The SWLG has submitted an objection to the West Harris Trust’s proposal for a 33m wind turbine at Scarista, on one of the finest stretches of coast in Scotland. We support the West Harris Trust’s work and its aim of ensuring that the area’s communities have a robust and viable future, and we also support the principle of community land ownership. Our decision to object was therefore made reluctantly and after careful consideration of the proposal and its context.

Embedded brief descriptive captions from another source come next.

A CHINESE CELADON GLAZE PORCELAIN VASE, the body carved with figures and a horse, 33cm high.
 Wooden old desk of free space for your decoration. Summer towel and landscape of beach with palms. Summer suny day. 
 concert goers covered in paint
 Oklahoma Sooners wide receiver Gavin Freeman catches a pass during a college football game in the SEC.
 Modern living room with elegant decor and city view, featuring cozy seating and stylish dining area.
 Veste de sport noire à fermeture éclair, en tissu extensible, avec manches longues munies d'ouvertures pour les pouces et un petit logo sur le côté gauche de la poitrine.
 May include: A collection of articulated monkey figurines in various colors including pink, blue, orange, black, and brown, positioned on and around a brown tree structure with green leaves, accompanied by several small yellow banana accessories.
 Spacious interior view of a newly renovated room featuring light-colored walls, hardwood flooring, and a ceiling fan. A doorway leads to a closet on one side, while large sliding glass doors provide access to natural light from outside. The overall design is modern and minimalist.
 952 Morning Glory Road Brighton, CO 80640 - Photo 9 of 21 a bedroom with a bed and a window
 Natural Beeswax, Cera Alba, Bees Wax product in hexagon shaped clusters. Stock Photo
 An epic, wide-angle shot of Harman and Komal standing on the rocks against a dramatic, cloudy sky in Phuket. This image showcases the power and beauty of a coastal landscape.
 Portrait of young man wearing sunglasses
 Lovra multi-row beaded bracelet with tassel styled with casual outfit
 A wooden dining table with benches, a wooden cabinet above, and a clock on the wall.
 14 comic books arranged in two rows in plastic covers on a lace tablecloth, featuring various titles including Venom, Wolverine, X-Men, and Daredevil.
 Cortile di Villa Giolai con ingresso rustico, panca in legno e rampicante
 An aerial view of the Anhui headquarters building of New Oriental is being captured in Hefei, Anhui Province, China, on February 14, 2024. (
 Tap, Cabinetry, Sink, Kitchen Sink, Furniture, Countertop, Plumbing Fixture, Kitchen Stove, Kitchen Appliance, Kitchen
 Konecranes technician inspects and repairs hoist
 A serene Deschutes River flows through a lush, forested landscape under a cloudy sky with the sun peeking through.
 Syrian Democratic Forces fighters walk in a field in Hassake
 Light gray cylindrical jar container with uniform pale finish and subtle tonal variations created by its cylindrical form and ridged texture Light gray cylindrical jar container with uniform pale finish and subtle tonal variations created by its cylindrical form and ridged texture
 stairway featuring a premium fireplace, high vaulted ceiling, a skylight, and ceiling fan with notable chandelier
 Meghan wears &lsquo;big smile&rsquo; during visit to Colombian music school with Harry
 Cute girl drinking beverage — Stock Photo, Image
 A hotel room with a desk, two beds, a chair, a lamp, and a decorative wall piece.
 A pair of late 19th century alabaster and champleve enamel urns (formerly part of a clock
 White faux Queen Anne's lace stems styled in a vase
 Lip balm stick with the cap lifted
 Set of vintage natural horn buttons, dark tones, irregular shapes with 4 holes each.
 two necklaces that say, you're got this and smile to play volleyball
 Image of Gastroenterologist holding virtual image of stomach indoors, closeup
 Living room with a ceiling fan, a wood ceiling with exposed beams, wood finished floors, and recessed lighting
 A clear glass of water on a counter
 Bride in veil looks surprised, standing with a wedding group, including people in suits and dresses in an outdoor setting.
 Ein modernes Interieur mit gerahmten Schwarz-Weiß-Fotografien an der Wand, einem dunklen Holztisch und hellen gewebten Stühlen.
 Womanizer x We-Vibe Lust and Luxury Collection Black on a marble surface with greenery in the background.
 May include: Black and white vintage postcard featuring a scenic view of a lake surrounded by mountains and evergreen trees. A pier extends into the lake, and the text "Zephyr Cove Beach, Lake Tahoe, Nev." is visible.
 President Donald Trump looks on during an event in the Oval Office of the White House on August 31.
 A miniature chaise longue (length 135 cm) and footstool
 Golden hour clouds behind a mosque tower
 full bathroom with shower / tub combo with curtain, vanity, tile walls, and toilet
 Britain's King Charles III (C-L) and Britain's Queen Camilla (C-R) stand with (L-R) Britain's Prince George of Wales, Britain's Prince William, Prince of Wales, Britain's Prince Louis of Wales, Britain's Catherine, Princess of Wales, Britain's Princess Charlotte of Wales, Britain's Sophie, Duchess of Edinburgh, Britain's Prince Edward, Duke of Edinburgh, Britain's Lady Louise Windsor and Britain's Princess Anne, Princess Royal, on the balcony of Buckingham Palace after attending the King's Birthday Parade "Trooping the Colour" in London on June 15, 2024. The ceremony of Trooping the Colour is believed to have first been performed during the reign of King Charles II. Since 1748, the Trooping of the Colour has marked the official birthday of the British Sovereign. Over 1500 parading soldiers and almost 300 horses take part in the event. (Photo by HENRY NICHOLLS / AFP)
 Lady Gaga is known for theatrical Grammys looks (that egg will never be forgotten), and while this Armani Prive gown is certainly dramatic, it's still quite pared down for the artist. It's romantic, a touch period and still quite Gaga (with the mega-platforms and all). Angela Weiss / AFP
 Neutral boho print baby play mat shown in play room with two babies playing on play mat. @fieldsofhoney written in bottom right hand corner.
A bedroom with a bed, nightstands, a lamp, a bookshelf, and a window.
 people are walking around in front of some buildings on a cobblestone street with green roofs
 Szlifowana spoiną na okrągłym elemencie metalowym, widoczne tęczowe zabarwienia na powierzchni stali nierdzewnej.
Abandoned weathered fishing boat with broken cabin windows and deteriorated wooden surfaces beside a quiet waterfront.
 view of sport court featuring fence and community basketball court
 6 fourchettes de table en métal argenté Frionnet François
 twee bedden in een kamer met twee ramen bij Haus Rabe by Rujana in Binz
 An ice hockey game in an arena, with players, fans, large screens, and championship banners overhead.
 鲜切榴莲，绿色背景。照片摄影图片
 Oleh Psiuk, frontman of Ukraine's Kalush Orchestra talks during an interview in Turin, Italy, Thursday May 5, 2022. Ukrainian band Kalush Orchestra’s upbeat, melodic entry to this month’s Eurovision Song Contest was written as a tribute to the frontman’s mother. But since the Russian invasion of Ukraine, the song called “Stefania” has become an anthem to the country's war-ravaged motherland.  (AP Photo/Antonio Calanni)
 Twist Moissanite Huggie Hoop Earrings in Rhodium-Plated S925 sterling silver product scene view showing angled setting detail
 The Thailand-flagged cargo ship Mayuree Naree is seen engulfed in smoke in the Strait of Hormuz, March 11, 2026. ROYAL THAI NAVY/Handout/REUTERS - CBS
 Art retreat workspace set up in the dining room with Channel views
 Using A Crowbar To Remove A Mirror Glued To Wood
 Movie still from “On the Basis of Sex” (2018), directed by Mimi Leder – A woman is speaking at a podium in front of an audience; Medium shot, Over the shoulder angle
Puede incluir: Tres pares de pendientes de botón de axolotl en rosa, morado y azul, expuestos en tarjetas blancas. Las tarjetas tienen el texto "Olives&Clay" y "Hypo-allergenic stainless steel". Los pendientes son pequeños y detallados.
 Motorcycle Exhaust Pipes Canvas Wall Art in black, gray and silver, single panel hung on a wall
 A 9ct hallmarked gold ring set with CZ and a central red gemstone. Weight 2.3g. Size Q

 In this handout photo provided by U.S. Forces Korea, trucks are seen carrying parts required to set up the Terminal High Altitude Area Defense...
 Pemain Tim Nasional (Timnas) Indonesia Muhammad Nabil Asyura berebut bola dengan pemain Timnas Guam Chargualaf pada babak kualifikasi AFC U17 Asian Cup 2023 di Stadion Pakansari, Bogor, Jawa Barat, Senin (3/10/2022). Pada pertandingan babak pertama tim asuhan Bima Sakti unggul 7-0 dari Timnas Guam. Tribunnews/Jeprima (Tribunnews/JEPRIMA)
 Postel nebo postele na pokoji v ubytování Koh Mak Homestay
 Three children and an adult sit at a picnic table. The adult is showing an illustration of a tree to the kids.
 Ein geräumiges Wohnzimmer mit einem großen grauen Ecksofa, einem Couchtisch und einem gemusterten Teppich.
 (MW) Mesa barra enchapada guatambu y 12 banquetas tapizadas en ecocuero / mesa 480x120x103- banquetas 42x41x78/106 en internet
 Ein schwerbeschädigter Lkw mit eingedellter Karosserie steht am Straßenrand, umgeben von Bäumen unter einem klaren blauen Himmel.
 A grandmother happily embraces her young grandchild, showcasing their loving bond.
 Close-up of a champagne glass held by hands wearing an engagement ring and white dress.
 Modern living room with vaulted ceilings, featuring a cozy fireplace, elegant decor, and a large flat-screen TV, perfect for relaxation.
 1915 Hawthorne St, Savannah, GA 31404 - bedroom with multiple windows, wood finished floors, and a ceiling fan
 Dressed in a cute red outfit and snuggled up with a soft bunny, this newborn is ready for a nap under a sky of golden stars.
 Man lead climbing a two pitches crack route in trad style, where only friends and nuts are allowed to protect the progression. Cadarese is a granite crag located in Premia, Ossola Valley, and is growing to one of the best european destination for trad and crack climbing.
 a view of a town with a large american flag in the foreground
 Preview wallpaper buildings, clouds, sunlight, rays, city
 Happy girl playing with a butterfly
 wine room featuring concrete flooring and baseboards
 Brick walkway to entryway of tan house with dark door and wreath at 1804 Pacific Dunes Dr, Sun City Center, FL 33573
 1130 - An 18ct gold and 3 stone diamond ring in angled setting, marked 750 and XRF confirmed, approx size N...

The Trust estimates that the turbine would bring revenue of £45,000 per year to the area, before running costs and borrowing charges, and the proposed site is next to two considerably smaller existing turbines. However, the location is particularly sensitive, being part of an open coastal landscape that is of exceptional value, and which itself draws tourists and residents to the area. Although the turbine’s immediate surroundings are not ‘wild’, the wider setting certainly is, and the turbine would have a substantial visual impact on this. We believe that an industrial structure of this scale is not appropriate in such a setting and decided to object on this basis.

We support the generation of energy at the community scale where projects are sympathetic to their environment, and hope that the West Harris Trust will reconsider their proposal.

Our letter of objection is below.

The Scottish Wild Land Group objects to the West Harris Trust’s proposal for a wind turbine at Scarista on the Isle of Harris. We believe that the proposed turbine, being located in a National Scenic Area and one of the finest coastal landscapes in the UK, would be too large and conspicuous to be considered appropriate, having a base to hub height of 24.6 metres and a base to blade-tip height of 33 metres. The turbine would be visible for many miles, and its scale and industrial nature make it entirely out of keeping with the landscape and environment of the area, prized for its openness and unspoiled views. We strongly disagree with the applicant’s assertion that the turbine “does not significantly affect the landscape or the view to and from it”.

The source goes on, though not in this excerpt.